_Dataset extract_
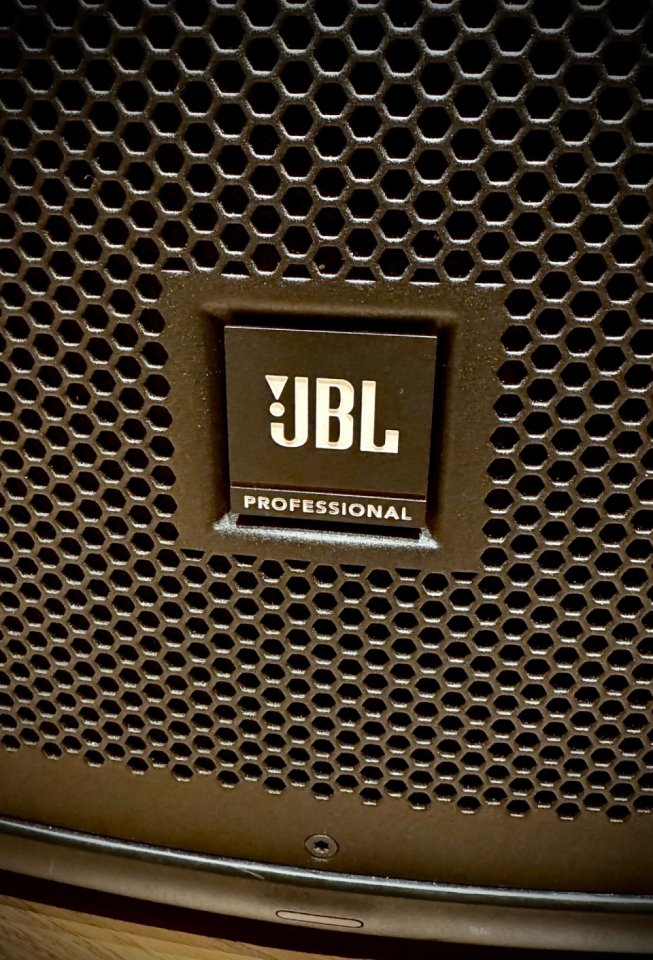 Altavoces activos JBL EON 715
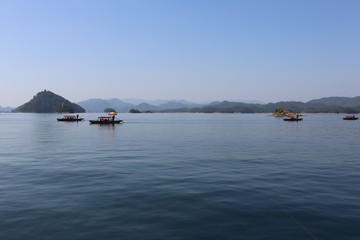 杭州千岛湖水面游艇 2801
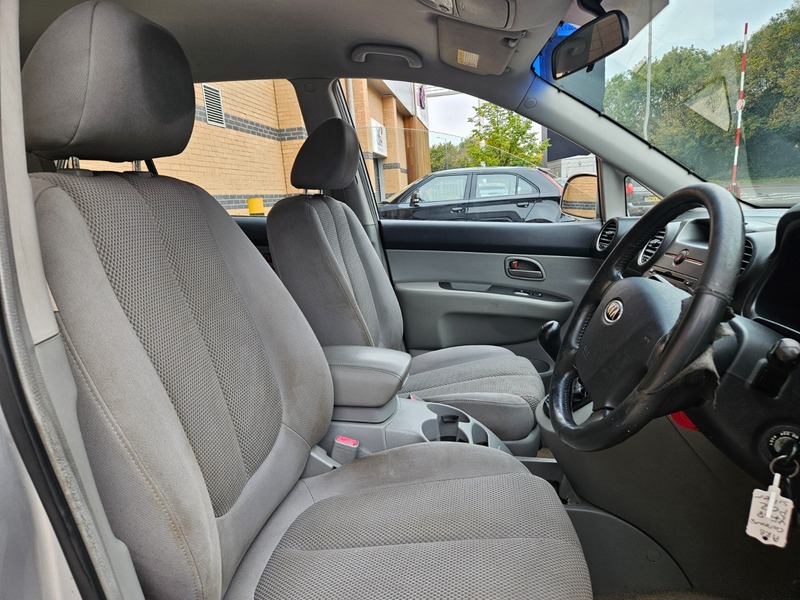 Used Kia Carens 2008 for sale - 76490968: Photo 17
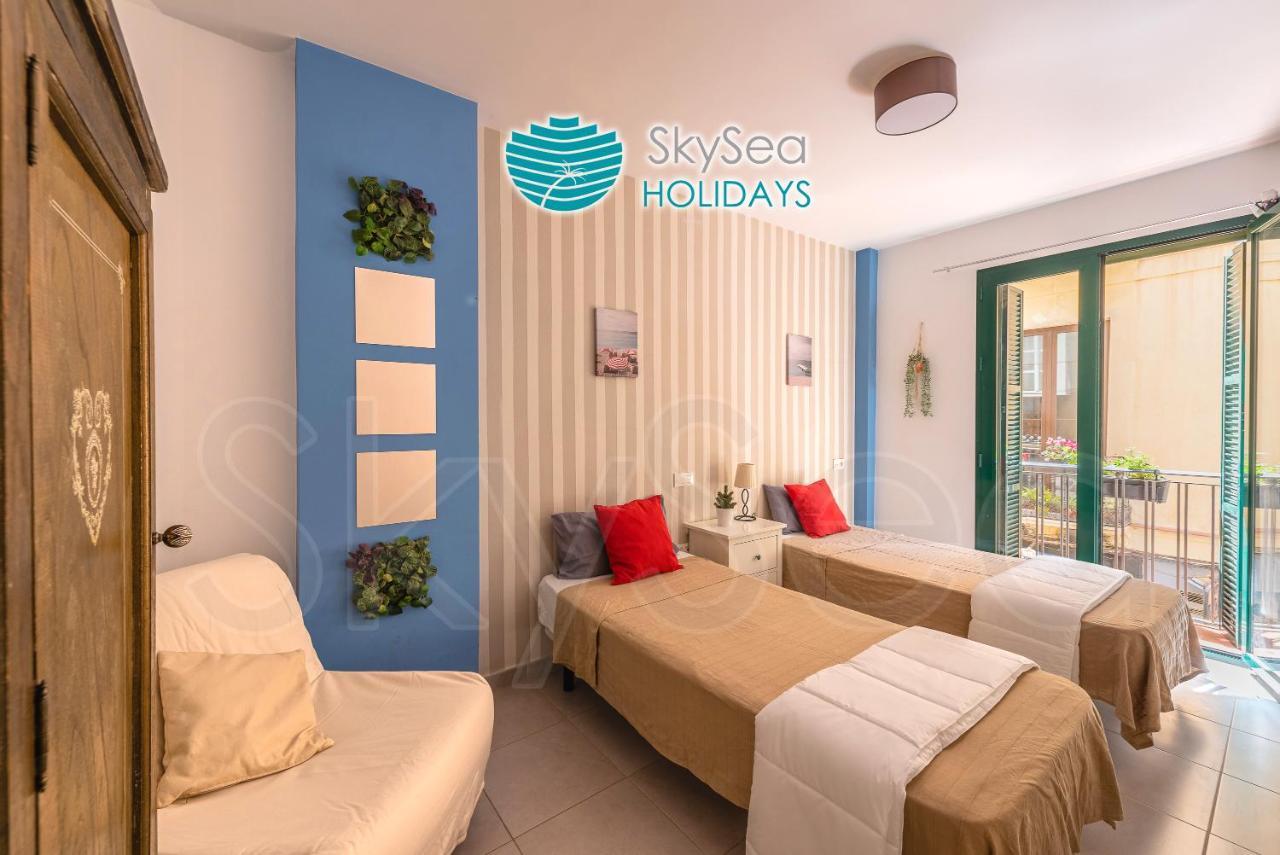 Skysea Holidays City Center Suites Malaga Bagian luar foto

_Exercise objective_
Please print the entire listing again exactly, minus its images.

_Task solution_
 Altavoces activos JBL EON 715
 杭州千岛湖水面游艇 2801
 Used Kia Carens 2008 for sale - 76490968: Photo 17
 Skysea Holidays City Center Suites Malaga Bagian luar foto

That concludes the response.